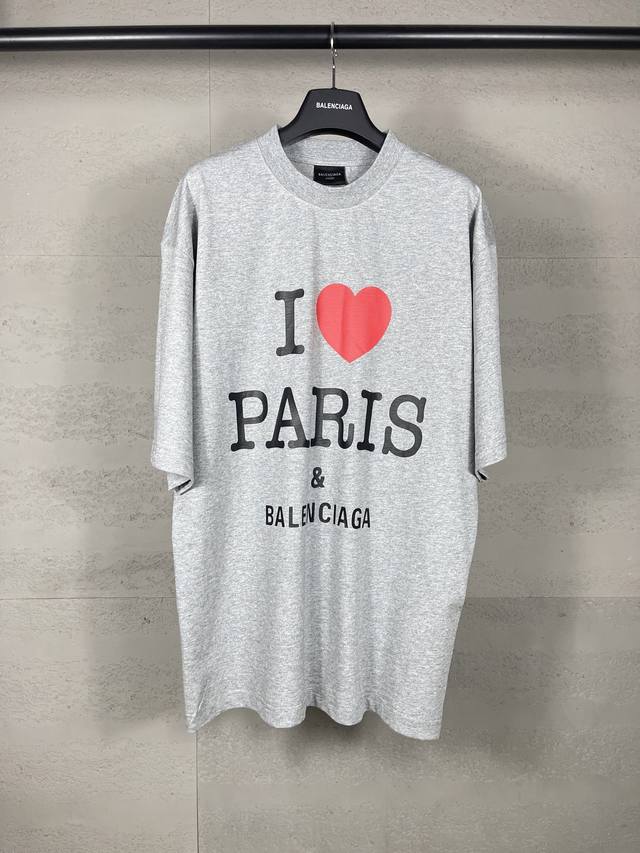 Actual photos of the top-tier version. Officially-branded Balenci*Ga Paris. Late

━━━

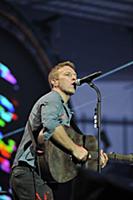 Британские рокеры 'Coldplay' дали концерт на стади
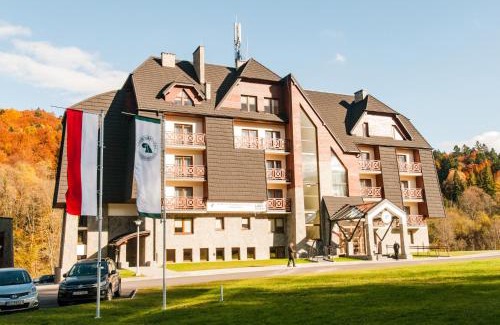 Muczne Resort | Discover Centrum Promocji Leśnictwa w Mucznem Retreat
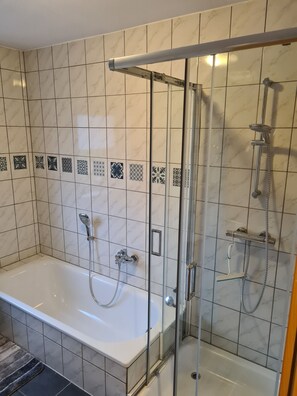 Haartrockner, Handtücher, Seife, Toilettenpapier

━━━

### WHAT TO PRODUCE:
Give back exactly the lines of the listing above from the one that contains "Muczne Resort |" up to and including the one that contains "Haartrockner, Handtücher, Seife, Toilettenpapier", but not the pictures, and no other lines.

### RESULT OF THE TASK:
 Muczne Resort | Discover Centrum Promocji Leśnictwa w Mucznem Retreat
 Haartrockner, Handtücher, Seife, Toilettenpapier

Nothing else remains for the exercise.